Réminiscences sereines, ces textes évoquent des lieux aimés et longtemps habités par le poète, avant qu’il ne séjourne à Shanghai, puis à Nankin et à Canton, avant son exil final à Hong Kong. Ces poèmes révèlent une très vive sensibilité et une prodigieuse mémoire visuelle.
L’abondante annotation qui accompagne les poèmes permet au lecteur de se familiariser avec la topographie des rives du lac ainsi qu’avec son histoire millénaire.
Postface aux «Cent poèmes en souvenir du Lac de l’Ouest» de Xu Wenjing
Dans sa jeunesse Mr Xu a longtemps vécu au bord du lac de l’Ouest. Imprégnés du souffle de l’endroit, ses poèmes et ses peintures, sont d’une grande élévation. Malheureusement, ses yeux l’empêchent désormais de peindre.
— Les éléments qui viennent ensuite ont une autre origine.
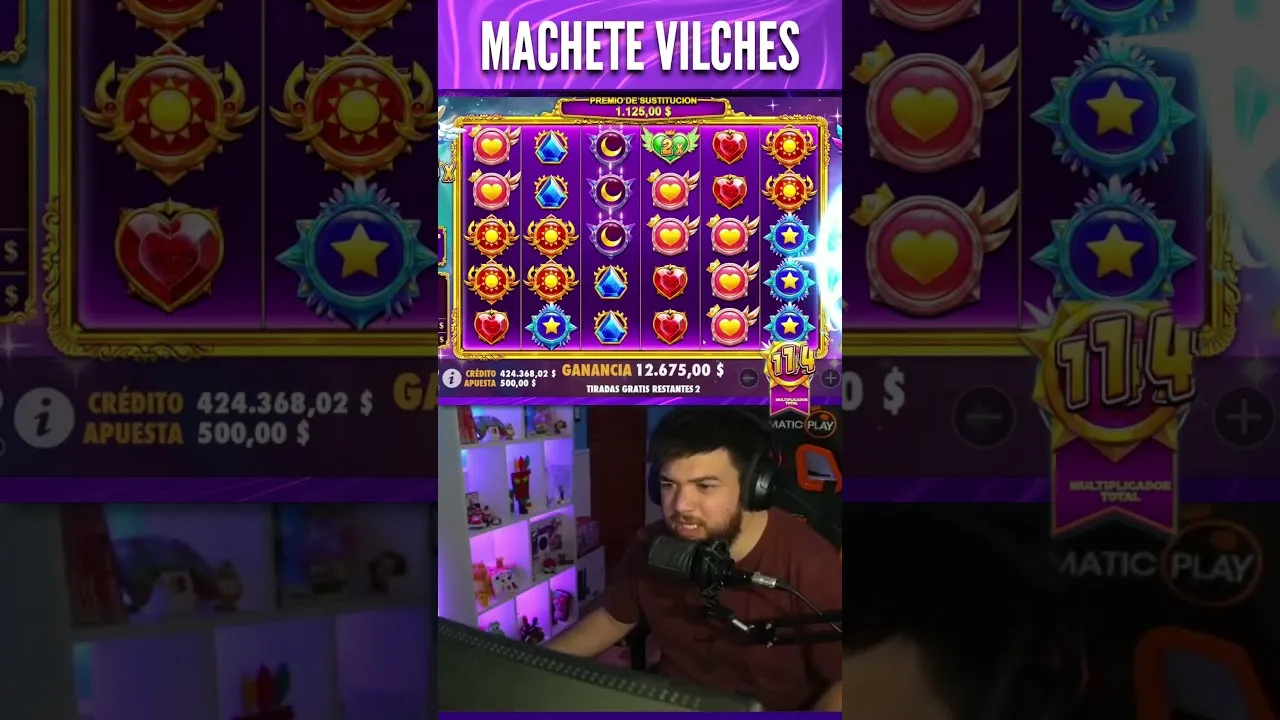 Starlight Princess: Big 400x Win on Pragmatic Play Slot!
Seuls un texte en prose ou sa poésie lui permettent encore d’exprimer ce qu’il porte en lui. Dans ses poèmes, l’émotion est continue, elle s’élève et circule par delà les mots.
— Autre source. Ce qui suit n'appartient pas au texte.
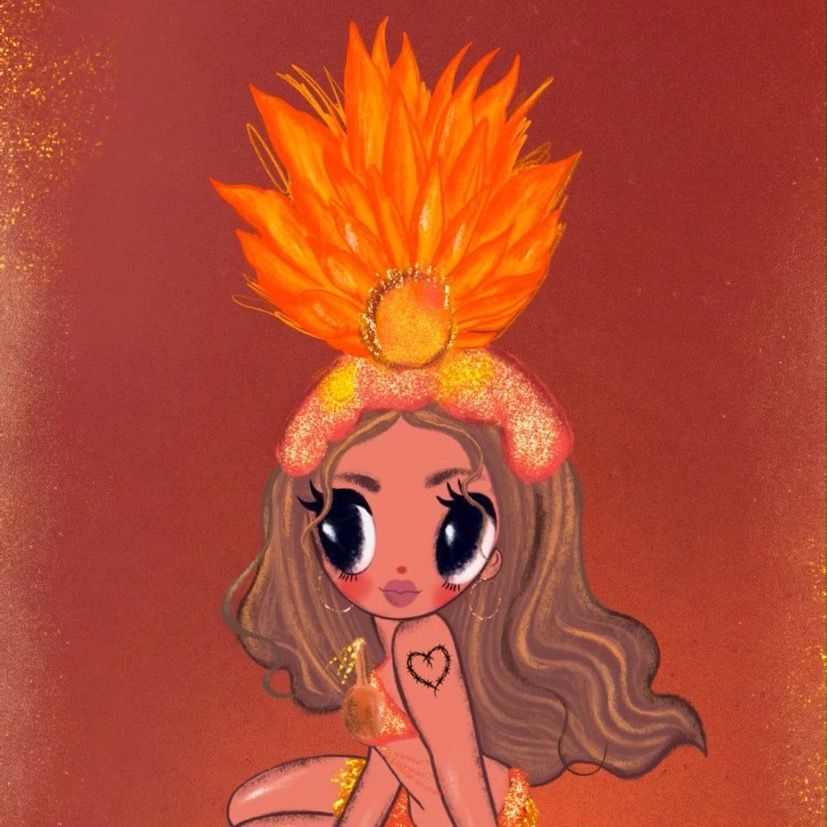 The number eight most-followed musician on TikTok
Encore enfant, j’ai, moi aussi, visité Hangzhou, mais j’étais toujours accompagnée et n’ai pas vraiment pu jouir du paysage. De plus, ces souvenirs anciens se sont un peu estompés. En lisant ce recueil de poèmes, les endroits vus naguère ressurgissent en moi un à un, comme sortant d’une peinture. Je m’y promène, je m’y attarde et fais le plein de l’émotion qu’ils véhiculent. «Nos excursions d’antan, on peut les retrouver, mais pas le coeur de nos jeunes années».
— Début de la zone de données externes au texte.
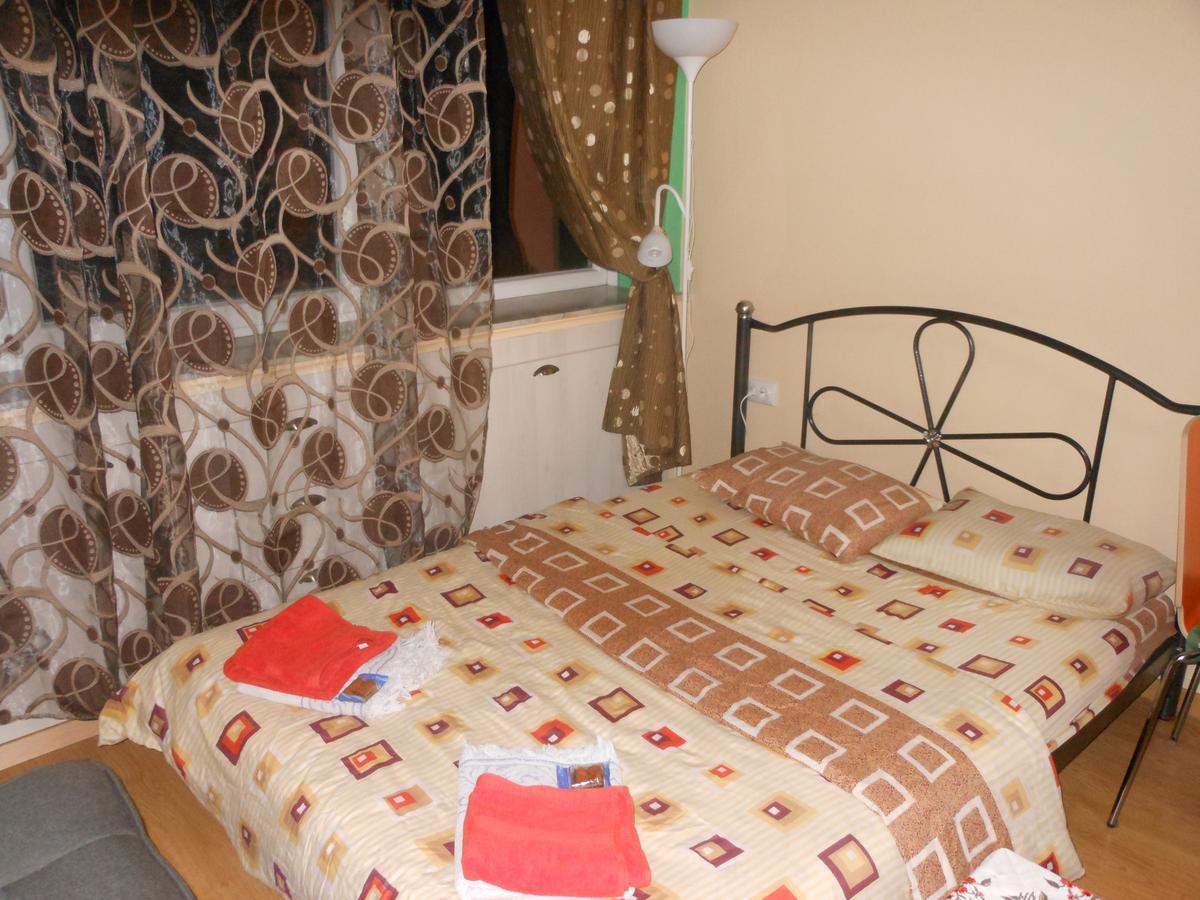 Apartmán Ano Ladadika Soluň Exteriér fotografie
Il est souvent dit que dans les poèmes de Wang Wei il y a de la peinture et dans sa peinture, de la poésie. Pour moi, cela vaut aussi pour les oeuvres de Mr Xu.
Ses amis, qui apprécient sa poésie, voudraient la voir un jour publiée, aussi m’ont-ils chargé de collationner ses poèmes. Je les ai également calligraphiés.